Chronic post sternotomy pain: the role of sternal wire removal—a review
Definition
Generally, chronic pain post-surgery is the pain that occurs either continuously or intermittently in the location of surgery, lasts beyond the normal rehabilitation period of a tissue for about three months after surgery and different from that suffered pre-operatively (1,2); However, some authors identify 12 months as the minimum duration of pain to be considered chronic. Some authors define chronic pain with no fixed duration but any pain that extends beyond the expected period of healing (1).
To define chronic post sternotomy pain, the pain must develop post-operatively at the median sternotomy location; it must be of at least 2 months after surgery and other causes of pain (including the possibility that the pain is from a pre-existing condition) are excluded (3).

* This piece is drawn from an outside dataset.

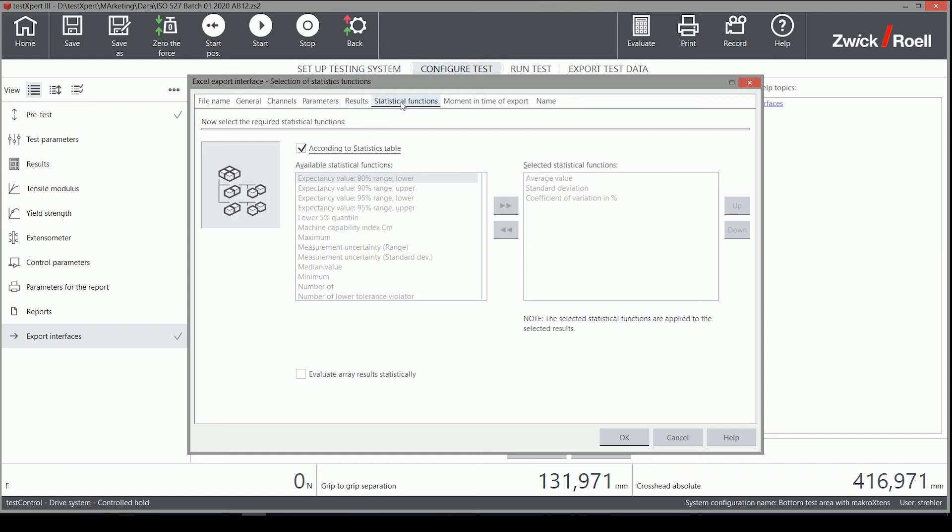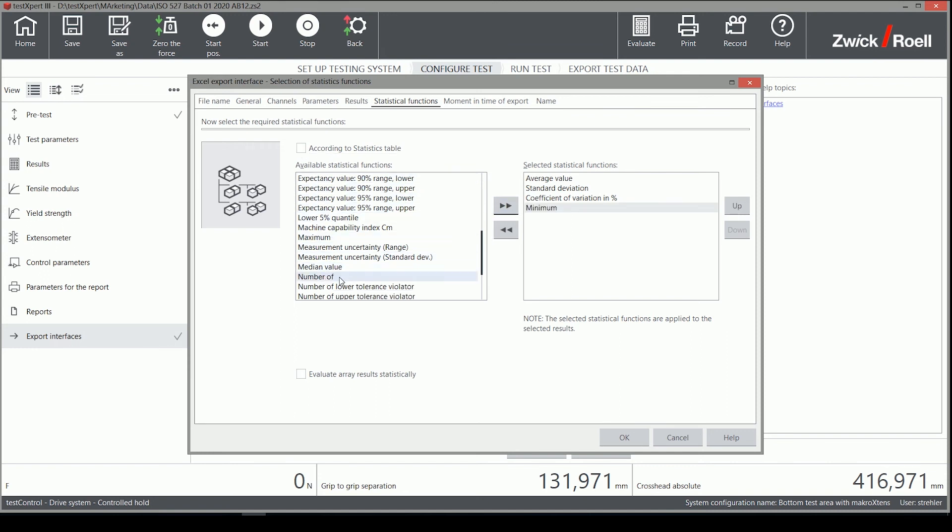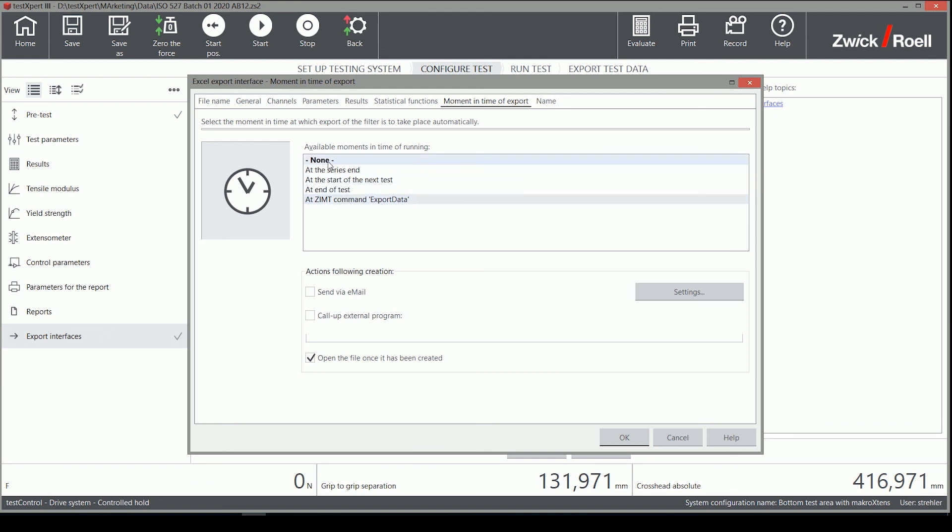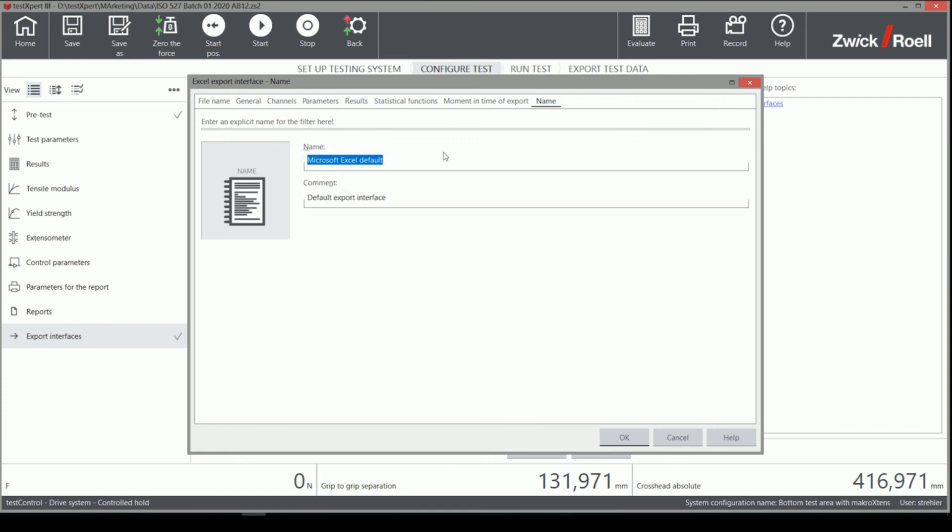On the Statistics tab, all common statistical functions are available and can be selected. The moment of time of the export can be customized also, either manually or at a predefined time. There is an option called At Zimpt command, which we will explain in a separate video that covers the usage of our macro language Zimpt.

Importance and incidence of chronic post sternotomy pain
A significant number of patients who undergo median sternotomy for heart surgery (estimated to be over 2 million annually); suffer from persistent pain defined as chronic post-sternotomy pain (4). In the immediate period after surgery; severe uncontrolled pain negatively affects patient recovery after cardiac surgery. Untreated pain may lead to adverse hemodynamic consequences such as tachycardia, arrhythmias and hypertension; can lead to pulmonary complications such as atelectasis, pneumonia and coagulation disorders such as hypercoagulability and platelet activation, it also can lead to sleep, mode and behavioral changes, all of these consequences of pain can result in increased intensive care unit or hospital length of stay ,hospital readmission, prolonged recovery and negatively affect quality of life on those affected (5,6).
In literature, there is a wide variation of the incidence of chronic post-sternotomy pain, this variation can be attributed to variations in definitions, different patient characteristics and retrospective nature of these studies. Chronic pain after coronary artery bypass surgery, was estimated to occur in 25–50% of patients and the incidence of severe pain is 5–10% of them (5,7-12).
Studies reported a 20.6% brachial damage during cardiac surgery that can result in chronic pain post sternotomy (1,8,13,14).
In a study conducted by Meyerson et al., ninety patients (28%) of 318 patients had chronic post-sternotomy pain one year after operation. Forty-one (13%) patients reported moderate degree of pain and 14 patients (4%) reported the pain as severe (5).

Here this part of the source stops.